> **What to work on**:
Once the line containing "The reason to" is found in the data below, repeat it and every later line exactly, leaving the pictures out.

** Opening Data segment block **

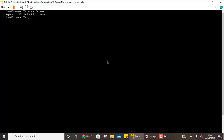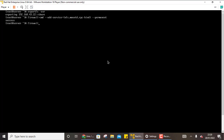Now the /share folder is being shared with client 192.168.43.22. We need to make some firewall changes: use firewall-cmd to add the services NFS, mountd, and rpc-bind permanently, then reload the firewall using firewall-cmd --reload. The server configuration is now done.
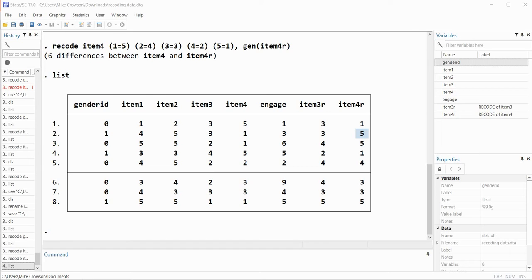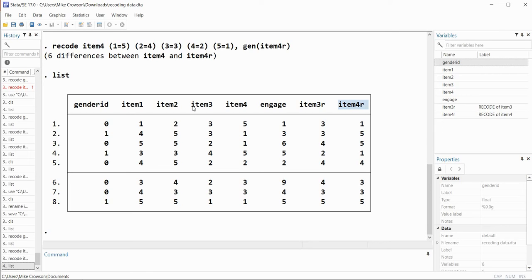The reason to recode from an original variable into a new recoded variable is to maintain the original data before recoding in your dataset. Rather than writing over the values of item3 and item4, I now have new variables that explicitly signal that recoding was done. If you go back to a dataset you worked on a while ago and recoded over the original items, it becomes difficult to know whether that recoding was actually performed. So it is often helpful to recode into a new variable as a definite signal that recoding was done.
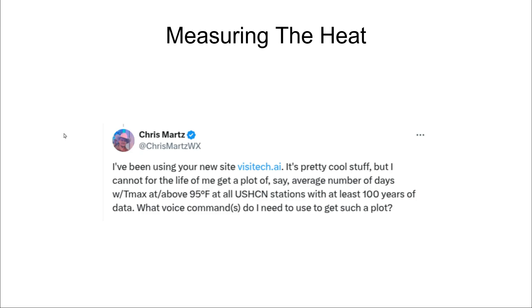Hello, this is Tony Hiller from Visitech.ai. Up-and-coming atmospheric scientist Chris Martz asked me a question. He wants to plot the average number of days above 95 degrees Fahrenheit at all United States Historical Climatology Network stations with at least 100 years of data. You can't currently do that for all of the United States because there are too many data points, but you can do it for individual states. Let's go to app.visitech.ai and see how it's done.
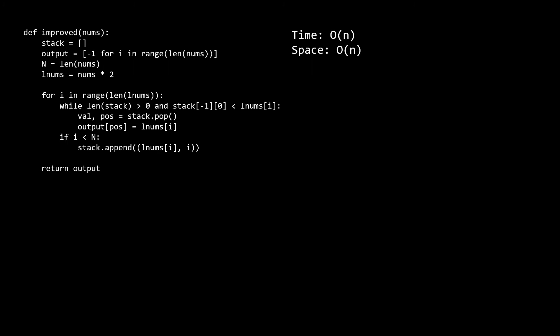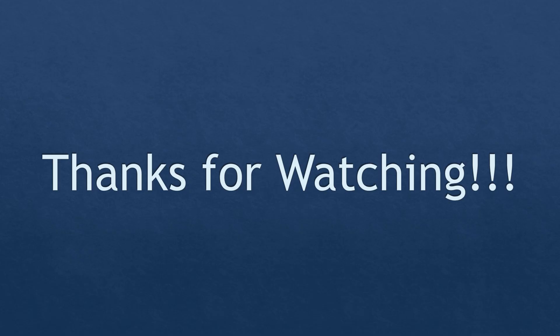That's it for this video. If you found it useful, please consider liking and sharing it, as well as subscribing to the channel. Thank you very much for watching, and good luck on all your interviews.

** Closing Data segment block **

> **Your solution**:
The reason to recode from an original variable into a new recoded variable is to maintain the original data before recoding in your dataset. Rather than writing over the values of item3 and item4, I now have new variables that explicitly signal that recoding was done. If you go back to a dataset you worked on a while ago and recoded over the original items, it becomes difficult to know whether that recoding was actually performed. So it is often helpful to recode into a new variable as a definite signal that recoding was done.
Hello, this is Tony Hiller from Visitech.ai. Up-and-coming atmospheric scientist Chris Martz asked me a question. He wants to plot the average number of days above 95 degrees Fahrenheit at all United States Historical Climatology Network stations with at least 100 years of data. You can't currently do that for all of the United States because there are too many data points, but you can do it for individual states. Let's go to app.visitech.ai and see how it's done.
That's it for this video. If you found it useful, please consider liking and sharing it, as well as subscribing to the channel. Thank you very much for watching, and good luck on all your interviews.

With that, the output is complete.